Before anyone gets upset, I'm not saying that pills are bad, I'm just saying that many rely on them without making an effort to make other positive changes to their life.



"Mental health" and "making an effort" are two dangerous terms to combine in the same argument. Just getting out of bed every morning can already be a big effort for many people with mental health problems, much bigger effort than exercise is for many sane folks; it should be appreciated as such.


It's something you can't understand without experiencing yourself. Always sounds pathetic from the perspective of people who have lived their lives having okay mental health.


Your point is taken, but one must remember that in the end we are all of us responsible for our own lives.
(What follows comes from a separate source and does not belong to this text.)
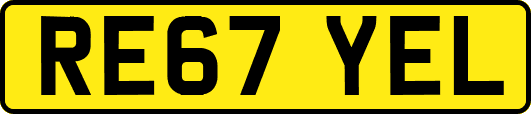 RE67YEL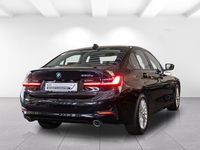 Gebraucht BMW 330e Sport Line 292 PS (214 kW) 2021 Metallic Limousine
There's a reason why people who lift joke that the heaviest weight in the gym is the front door.

One approach that has worked well for many is establishing positive habits to displace negative ones. That takes a while, but there are tricks to help, like having a group to hold you accountable.


Accountability works for procrastination and things that, as you say, can be described as negative habits or character traits. Depression is a completely different beast.

Depression is like I'm sitting on your chest and tell you that breathing is easy and all you need is to do it rhythmically.

Depression is like that day your brain doesn't function properly after not sleeping during the night, but every day for years and regardless how much you sleep.

Depression is not a bad habit, just like the flu is not a warm and fuzzy feeling.


Agreed.

Furthermore, what is somewhat amazing is that, on a Good Day (or less depressed or in-remission day, or whatever one wants to call it), one can also look back on a Bad Day, just yesterday, and be mystified why that seemingly dead simple task [1], seemed completely overwhelming to the point of impossibility.

Like many diseases of the brain, including dementias and schizophrenia, the sufferer can seem and even be fully functional when the disease isn't (as) active, including being prone to falling for the same fallacies as everyone else.

In the throes of the symptoms, however, the brain just isn't working the same, so it's not fair, compassionate, nor reasonable to extrapolate about habit formation or responsibility from an unafflicted brain. It can get a bit too easy to blame the victim that way.

None of this is to say that encouraging good habit formation or increased patient self direction/determination can't be helpful, when possible. I'm just saying not to start with that as an assumption and that it likely isn't even possible for the more severe cases.

[1] taking out the trash, running the dishwasher, or even just getting out of bed


I'd argue that psychedelics aren't a no-effort solution at all. These experiences are at times very emotionally draining and uncomfortably introspective. The integration period then requires a further amount of the above. The interesting thing is, a guided experience tends to leads to the habits you listed above. In short, the experience can be seen as a catalysts to a maintainable lifestyle which facilitates recovery, not as the mode of recovery in itself.